* Problem details: Return the data below exactly, but only from the line containing "Fototapeta Naklejka Na" through the line containing "奥地利蒂罗尔州基茨比厄尔，奥拉赫野生动物园雪地草甸上的马鹿图片素材", with both of those lines included.

* Extracted entries:
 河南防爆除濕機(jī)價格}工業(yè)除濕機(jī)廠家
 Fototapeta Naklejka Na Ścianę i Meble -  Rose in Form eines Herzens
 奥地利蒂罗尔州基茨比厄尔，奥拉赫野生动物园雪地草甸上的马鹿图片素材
==
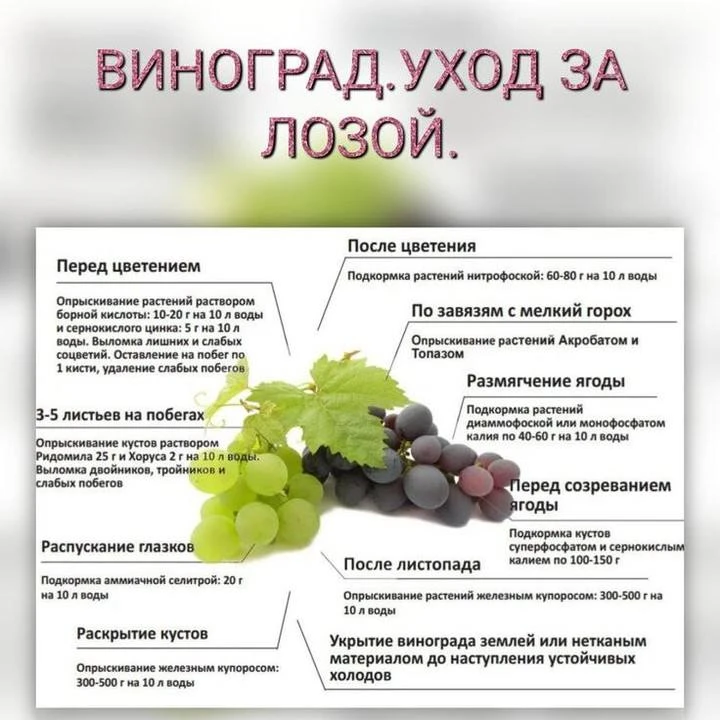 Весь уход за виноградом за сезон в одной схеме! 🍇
---
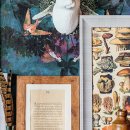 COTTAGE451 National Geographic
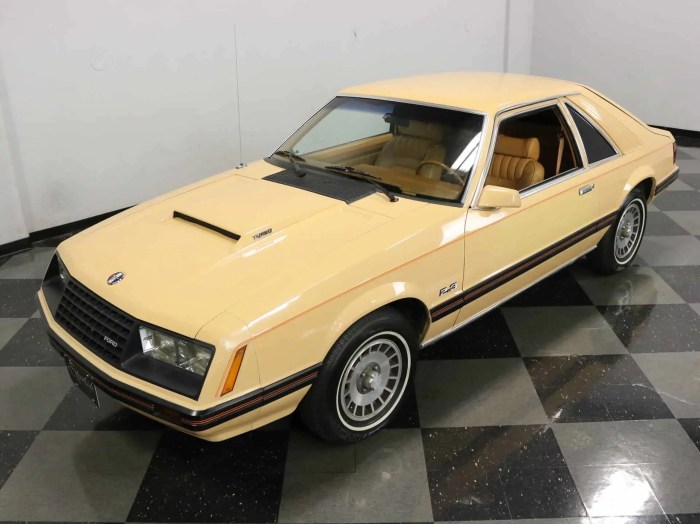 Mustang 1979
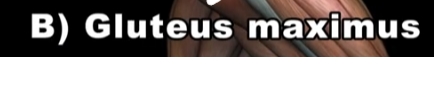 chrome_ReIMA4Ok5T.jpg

* Answer for the task:
 Fototapeta Naklejka Na Ścianę i Meble -  Rose in Form eines Herzens
 奥地利蒂罗尔州基茨比厄尔，奥拉赫野生动物园雪地草甸上的马鹿图片素材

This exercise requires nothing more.